First, context:
As a side project, I'm building a computer algebra system in Python that yields the steps it takes to solve an equation.
So far, I've been able to parse algebraic expressions and equations into an expression tree. It's structured something like this (not the actual code—may not be running):
# Other operators and math functions are based off this.
# Numbers and symbols also have their own classes with 'parent' attributes.
class Operator(object):
def __init__(self, *args):
self.children = args
for child in self.children:
child.parent = self
# the parser does something like this:
expr = Add(1, Mult(3, 4), 5)
On top of this, I have a series of functions that operate recursively to simplify expressions. They're not purely functional, but I'm trying to avoid relying on mutability for operations, instead returning a modified copy of the node I'm working with. Each function looks something like this:
def simplify(node):
for index, child in enumerate(node.children):
if isinstance(child, Operator):
node.children[index] = simplify(node)
else:
# perform some operations to simplify numbers and symbols
pass
return node
The challenge comes in the "step by step" part. I'd like for my "simplification" functions to all be nested generators that "yield" the steps it takes to solve something. So basically, every time each function performs an operation, I'd like to be able to do something like this: yield (deepcopy(node), expression, "Combined like terms.")

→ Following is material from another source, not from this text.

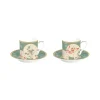 Coffret 2 Tasses à café ORIENTAL DREAMS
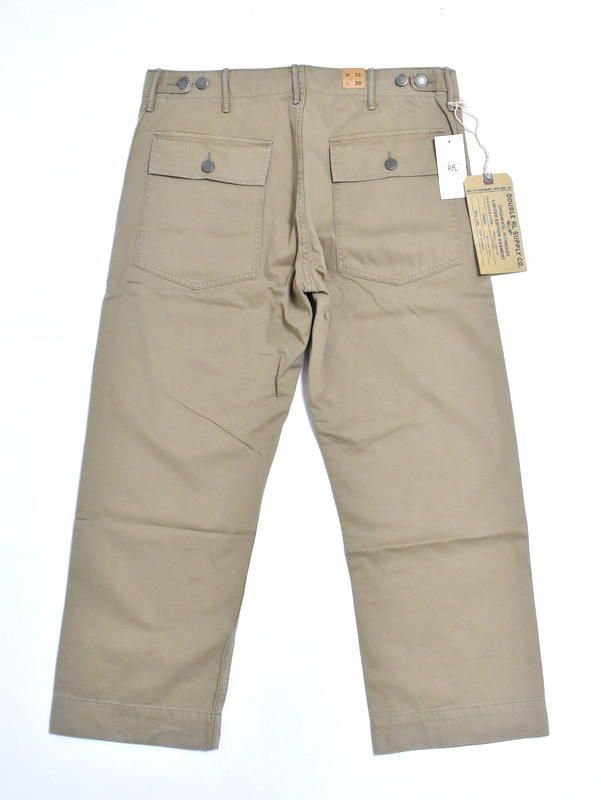 定価4万7300円】新品 RRL × ロンハーマン ユーティリティーパンツ W32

so that whatever is relying on this library can output something like:
5x + 3*4x + 3
5x + 12x + 3 Simplified product 3*4x into 12x
17x + 3 Combined like terms 5x + 12x = 17x
However, each function only has knowledge about the node
it's operating on, but has no idea what the overall expression
looks like.
So this is my question: What would be the best way of maintaining the "state" of the entire expression tree so that each "step" has knowledge of the entire expression?
Here are the solutions I've come up with:
- Do every operation in place and either use a global variable or an instance variable in a class to store a pointer to the equation. I don't like this because unit testing is tougher, since now I have to set up the class first. You also lose other advantages of a more functional approach.
- Pass through the root of the expression to every function. However, this either means I have to repeat every operation to also update the expression or that I have to rely on mutability.
- Have the top level function 'reconstruct' the expression tree based on each step I yield. For example, if I yield
5x + 4x = 9x
, have the top level function find the (5x + 4x) node and replace it with '9x'. This seems like the best solution, but how best to 'reconstruct' each step?
Two final, related questions: Does any of this make sense? I have a lot of caffeine in my system right now and have no idea if I'm being clear.
Am I worrying too much about mutability? Is this a case of premature optimization?